Indonesia Diujung Sanksi

Palangkaraya gaduh. Ibukota Kalimantan Tengah yang sedianya menjadi kongres “kebersamaan” antara PSSI – KPSI, nyatanya berjalan hanya dengan PSSI saja.

Ini terjadi setelah PSSI keukeuh tidak memverifikasi peserta Kongres Luar Biasa 9 Juli 2011 yang kebanyakan bernaung dibawah KPSI. PSSI hanya menyertakan peserta kongres tahunan PSSI yang diselenggarakan di Palangkaraya bulan Maret 2012.

Menkokesra, Agung Laksono, yang kini menjabat Plt. Menpora menegaskan bahwa pemerintah tidak merekomendasikan kongres PSSI yang digelar hari ini, 10 Desember 2012, karena pemerintah menilai PSSI melanggar MOU yang disepakati antar PSSI – KPSI – AFC.

Dalam MOU tersebut disepakati bahwa PSSI – KPSI melalui Join Comittee harus kembali mengakui 4 anggota executive comittee yang dipecat karena berseberangan pemikiran dengan PSSI. Keputusan AFC yang ditandatangani oleh Djohar Arifin ini, nyatanya tidak juga dijalankan oleh PSSI. Bahkan PSSI membuat “rintangan” dengan mengharuskan 4 anggota executive comittee tersebut membuat surat permohonan maaf dan surat tidak mengulangi perbuatan. Padahal dalam MOU 4 anggota exco diterima kembali tanpa syarat.

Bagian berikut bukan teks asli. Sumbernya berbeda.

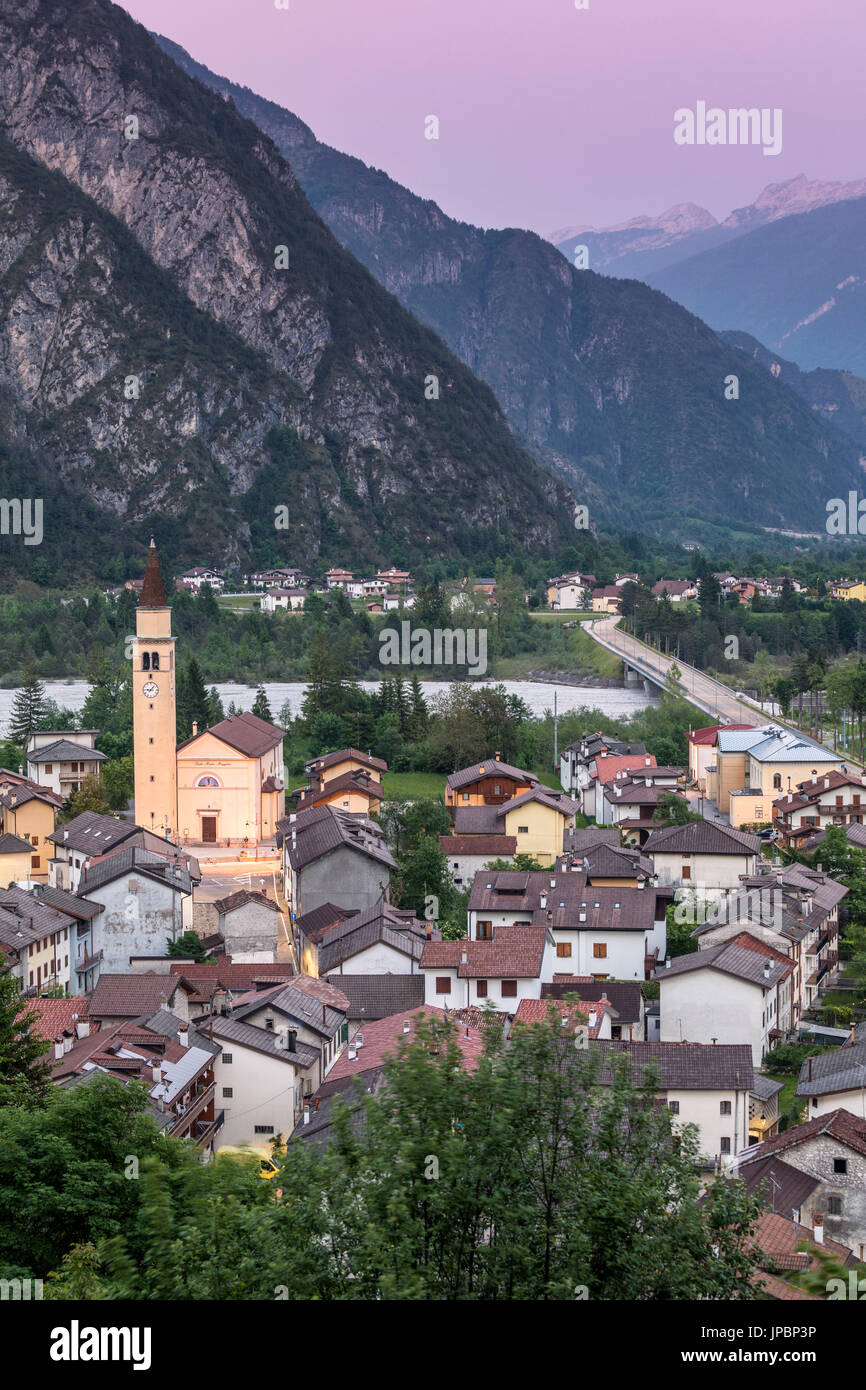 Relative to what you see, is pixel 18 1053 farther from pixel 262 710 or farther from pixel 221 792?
pixel 262 710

Sampai akhirnya perselisihan ini membuat kerja AFC dengan membentuk Join Comittee sia – sia. Bahkan FIFA sudah menebar ancaman jika deadline perdamaian pada 10 Desember ini tidak terpenuhi, maka FIFA tak segan memberikan sanksi. Mengucilkan Indonesia sementara dari persepakbolaan internasional.

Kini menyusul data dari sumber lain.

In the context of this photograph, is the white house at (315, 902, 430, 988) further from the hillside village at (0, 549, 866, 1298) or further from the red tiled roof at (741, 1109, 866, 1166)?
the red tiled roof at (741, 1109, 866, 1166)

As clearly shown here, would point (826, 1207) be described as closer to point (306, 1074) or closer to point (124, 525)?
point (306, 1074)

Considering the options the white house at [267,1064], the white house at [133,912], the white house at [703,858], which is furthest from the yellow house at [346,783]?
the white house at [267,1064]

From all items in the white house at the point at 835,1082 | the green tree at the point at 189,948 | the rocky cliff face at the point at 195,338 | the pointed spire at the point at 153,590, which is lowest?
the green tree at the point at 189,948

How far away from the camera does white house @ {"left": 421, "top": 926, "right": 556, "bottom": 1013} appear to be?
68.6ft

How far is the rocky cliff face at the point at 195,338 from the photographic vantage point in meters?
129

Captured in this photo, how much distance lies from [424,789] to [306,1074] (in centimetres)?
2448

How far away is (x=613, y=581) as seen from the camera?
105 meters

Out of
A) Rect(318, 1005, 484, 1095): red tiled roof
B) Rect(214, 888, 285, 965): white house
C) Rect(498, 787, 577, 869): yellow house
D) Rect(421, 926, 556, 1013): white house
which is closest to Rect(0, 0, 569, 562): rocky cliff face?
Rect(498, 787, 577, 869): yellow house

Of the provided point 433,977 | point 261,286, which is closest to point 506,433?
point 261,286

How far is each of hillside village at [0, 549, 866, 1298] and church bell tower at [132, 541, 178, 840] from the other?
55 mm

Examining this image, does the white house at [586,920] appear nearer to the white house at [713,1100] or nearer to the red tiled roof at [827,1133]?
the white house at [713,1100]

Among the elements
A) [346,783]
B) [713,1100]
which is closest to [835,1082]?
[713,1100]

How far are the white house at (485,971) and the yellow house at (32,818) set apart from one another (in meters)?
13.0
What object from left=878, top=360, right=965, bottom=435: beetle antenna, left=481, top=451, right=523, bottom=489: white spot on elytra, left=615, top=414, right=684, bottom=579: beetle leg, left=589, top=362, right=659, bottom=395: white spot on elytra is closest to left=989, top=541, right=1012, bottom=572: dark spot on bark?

PSSI yang tetap bertahan, balik menantang lewat Sekjen Halim Mahfud dengan pernyataan lebih baik Indonesia dikenai sanksi FIFA.

Meski dikabarkan bahwa KPSI bersama pemilik suara pada kongres luar biasa Solo pada tahun 2011 siap terbang ke Palangkaraya jika PSSI mengakui mereka, namun KPSI dan rombongannya bersiap pula seandainya PSSI memang tidak mengakui mereka maka mereka akan mengadakan kongres sendiri di Jakarta.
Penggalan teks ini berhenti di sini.